2015-03-24	Rework handling of PDF names for speed and memory.	Robin Watts
	Currently, every PDF name is allocated in a pdf_obj structure, and comparisons are done using strcmp. Given that we can predict most of the PDF names we'll use in a given file, this seems wasteful. The pdf_obj type is opaque outside the pdf-object.c file, so we can abuse it slightly without anyone outside knowing. We collect a sorted list of names used in PDF (resources/pdf/names.txt), and we add a utility (namedump) that preprocesses this into 2 header files. The first (include/mupdf/pdf/pdf-names-table.h, included as part of include/mupdf/pdf/object.h), defines a set of "PDF_NAME_xxxx" entries. These are pdf_obj 's that callers can use to mean "A PDF object that means literal name 'xxxx'" The second (source/pdf/pdf-name-impl.h) is a C array of names. We therefore update the code so that rather than passing "xxxx" to functions (such as pdf_dict_gets(...)) we now pass PDF_NAME_xxxx (to pdf_dict_get(...)). This is a fairly natural (if widespread) change. The pdf_dict_getp (and sibling) functions that take a path (e.g. "foo/bar/baz") are therefore supplemented with equivalents that take a list (pdf_dict_getl(... , PDF_NAME_foo, PDF_NAME_bar, PDF_NAME_baz, NULL)). The actual implementation of this relies on the fact that small pointer values are never valid values. For a given pdf_obj p, if NULL < (intptr_t)p < PDF_NAME__LIMIT then p is a literal entry in the name table. This enables us to do fast pointer compares and to skip expensive strcmps. Also, bring "null", "true" and "false" into the same style as PDF names. Rather than using full pdf_obj structures for null/true/false, use special pointer values just above the PDF_NAME_ table. This saves memory and makes comparisons easier.
2015-03-20	Automatically update /Length and /Filter in pdf_update_stream.	Tor Andersson

2015-02-25	Allow pdf_device to be created with pre-populated buffer.	Robin Watts
	When watermarking, we may want to use the PDF device on an existing buffer. In this case, we have no 'contents' object.

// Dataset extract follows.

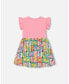 ფოტო #1 პროდუქტის Girl Organic Cotton Jersey Bi-Dress Printed Fruits Square - Child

2015-02-17	Use embedded superclass struct instead of user pointer in devices.	Tor Andersson

2015-02-17	Add ctx parameter and remove embedded contexts for API regularity.	Tor Andersson
	Purge several embedded contexts: Remove embedded context in fz_output. Remove embedded context in fz_stream. Remove embedded context in fz_device. Remove fz_rebind_stream (since it is no longer necessary). Remove embedded context in svg_device. Remove embedded context in XML parser. Add ctx argument to fz_document functions. Remove embedded context in fz_document. Remove embedded context in pdf_document. Remove embedded context in pdf_obj. Make fz_page independent of fz_document in the interface. We shouldn't need to pass the document to all functions handling a page. If a page is tied to the source document, it's redundant; otherwise it's just pointless. Fix reference counting oddity in fz_new_image_from_pixmap.
2015-02-17	Rename fz_close_* and fz_free_* to fz_drop_*.	Tor Andersson
	Rename fz_close to fz_drop_stream. Rename fz_close_archive to fz_drop_archive. Rename fz_close_output to fz_drop_output. Rename fz_free_* to fz_drop_. Rename pdf_free_ to pdf_drop_. Rename xps_free_ to xps_drop_*.
2014-05-29	fix memory leaks during PDF document creation	Simon Bünzli
	pdf_create_document leaks the trailer and in pdf-device.c many objects are inserted into dictionaries using pdf_dict_puts and leaked instead of using pdf_dict_puts_drop.